The Authors Note: This post was written by Devon Baxter and Charlie Judkins. Some of the Krazy Kats presented here are from sourced from a camcorder taping from an Asifa-Hollywood retrospective screening, so please excuse the video quality and audience reactions.
Last week, I gave a vague hint about today’s installment, which is my special 100th post: respected Golden Age animators many readers associate with other studios set within a studio that is under-discussed. Now, here’s a question: what do Friz Freleng, Tex Avery, Manny Gould, Dick Huemer, Sid Marcus, Art Davis, Emery Hawkins, Ray Patterson, and Preston Blair have in common? The answer—during the late ‘20s and early ‘30s, each of these artists all worked at the Charles Mintz studio, an outfit whose animated films, such as Krazy Kat, Toby the Pup, and Scrappy, have lacked general exposure in this current generation. With the help of guest contributor Charlie Judkins, we hope to shed the light on the Mintz studio, with examples of their work in various titles. The Mintz posts will be broken down into small, different chapters— this week will focus on the early sound period from 1929 to 1931.
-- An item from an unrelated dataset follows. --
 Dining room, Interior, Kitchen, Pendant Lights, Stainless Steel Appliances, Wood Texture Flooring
Beginning in 1927, up and coming NY area animators Ben Harrison and Manny Gould took over the production of Margaret Winkler’s Krazy Kat series, which Bill Nolan had been producing since 1925. While many of Harrison and Gould’s young employees remembered them as slave drivers who demanded lightning fast work, free overtime and pinched pennies in order to produce the cartoons for only $900 a film, several talented assistants developed here into full fledged animator/directors, principally Art Davis, Sid Marcus and Al Rose. Future greats such as Dave Tendlar, Berny Wolf and Shamus Culhane also cut their teeth working here as inkers.
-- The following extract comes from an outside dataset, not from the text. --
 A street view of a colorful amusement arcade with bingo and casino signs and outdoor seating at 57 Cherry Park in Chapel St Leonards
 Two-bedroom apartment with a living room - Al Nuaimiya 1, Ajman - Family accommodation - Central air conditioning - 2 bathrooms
In late 1929, producer Charles Mintz negotiated a deal with Columbia Pictures to adapt Krazy Kat to sound. Their first sound release, Ratskin, was released on August 15, 1929. As Shamus Culhane, then an inker, remembered it in his book, Talking Animals and Other People:
“All of the youngsters at Krazy Kat were enchanted by the Disney cartoons, but Harrison and Gould steadfastly depreciated the use of sound as a passing fancy. However, in 1929, a full year after Steamboat Willie was released, the two producers sprang a surprise upon the staff. With an air of great excitement, Harrison rigged up the projector and called the staff together for a screening.
Krazy Kat with sound was a disaster. The film was the usual insipid story and the gags were to match. The sound track sounded like a tornado in a boiler factory. When the cat blinked, somebody struck a cowbell. When she walked, her footsteps were accented by a bass drum. It was sheer cacophony!”
Later that year, Friz Freleng, previously an animator on the Oswald the Lucky Rabbit cartoons for Disney and George Winkler in California, helped his colleagues Hugh Harman and Rudy Ising on a sound cartoon featuring their character Bosko. As he waited for the capital from Harman and Ising’s pilot film to materialize from various distributors, and to gain income for his family back in Kansas City, Freleng decided to move to New York to work at the Mintz studio, and took animator Ben Clopton along with him.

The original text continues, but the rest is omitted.